Take, for example, guacamole.
A reader once took me to task for sharing a recipe for a guacamole I’d whipped up for lunch, saying that “guacamole” was a name for a specific, codified thing (like Pesto alla Genovese) and I should’ve called the thing I’d made something else, since (a) I wasn’t Latin-American and (b) hadn’t presented a “pure” rendition. The sharp, ill-concealed (and bordering on ill-mannered) inference was “you’re a Southerner: what do you know about guacamole?”
Well, excuse me.
I don’t pretend to be an expert in Latin-American cookery, but it turned out that what I knew was a little more than my reader. The word “guacamole” is not, in fact, a name for a narrowly codified dish. It literally means “avocado sauce,” and Latin-American cooking authority Sandra Gutierrez rightly points out that avocado sauces can be found in many of the different cuisines of Mexico as well as those throughout Latin-America. And, yes, those sauces do vary from country to country and even from place to place within those countries.
As for what a quintessentially Latin-American sauce has to do with Southerners, simply this: it migrated up into the South a long time ago, and has actually been turning up on our tables for at least ninety years and probably a lot longer.

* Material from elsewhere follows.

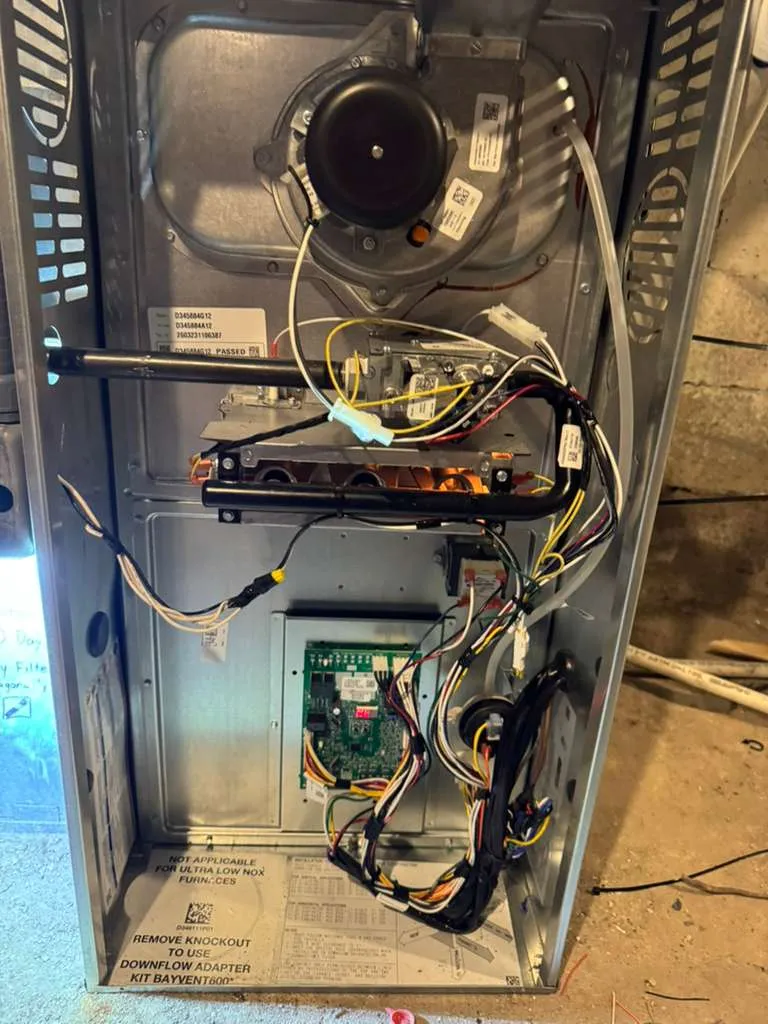 Lucas Heating and Air furnace service with the panel open, burners and control board visible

Henrietta Stanley Dull included what amounted to guacamole salad in her iconic 1928 cookbook, Southern Cooking. Called Avocado Salad No. 2 (page 123), it consisted of lettuce and sliced tomatoes topped with mashed avocado that was seasoned with salt, pepper, and lemon juice (in short, guacamole), and rolled into little balls coated with minced green pepper.
Recipes specifically going by the name were turning up in Texas cookbooks and newspapers at least by the 1940s. But dates aren’t nearly as interesting as the fact that the recipes had been fully adapted to regional palates. Mrs. Dull finished her salad with a dollop of mayonnaise in the middle, and one guacamole recipe unabashedly called for mixing mayonnaise right in with the avocado “to make it creamy.” Another, credited to someone named Otis Farnsworth (who, I’m guessing, was probably not of Latin-American heritage) contained softened cream cheese. In short, guacamole in the South had taken on a distinct Southern drawl.
All this came to mind because there were two perfectly ripe avocadoes sitting in a bowl of lemons and limes, a bundle of bright, fresh scallions in the vegetable bin, and a pot of oregano on the back steps that was in dire need of a trim. I don’t presume to say the finished product when those things were all brought together was “Southern” just because a Southern cook had made it, but I am saying that we shouldn’t confine ourselves—or our cooking—in narrow little boxes.
Guacamole with Scallions and Oregano
Makes about 1½-2 cups
2 ripe Haas avocadoes
1-2 limes, softened by rolling on the counter, cut in half
½ medium clove garlic
2 teaspoons minced fresh oregano
2 small scallions, washed, trimmed, and thinly sliced
1. With a ceramic knife, if you have one, halve the avocadoes, pop out the pits (not with the knife if it’s ceramic), and peel them. Cut them into small chunks and put them in a sturdy ceramic or glass mixing bowl. Squeeze the juice from half a lime over them and mash them, preferably with a silver fork (this will slow down the oxidation that turns them brown). Taste and mix in more lime juice to suit your taste.
2. Peel and roughly chop the garlic, sprinkle it with salt, and rub it to a paste with the flat side and edge of a metal knife blade. Mix it into the avocado along with a small pinch of salt, a few shots of hot sauce, and a teaspoon of oregano. Mix well, taste, and adjust the salt, hot sauce, and lime juice.
3. Set aside a spoonful of the sliced scallion greens and fold the remaining scallions into the guacamole. Scoop it into a small serving bowl and top it with the remaining oregano and reserved scallion greens. Serve it with tortilla chips, corn chips, or, if you want to really go Deep South, saltine crackers.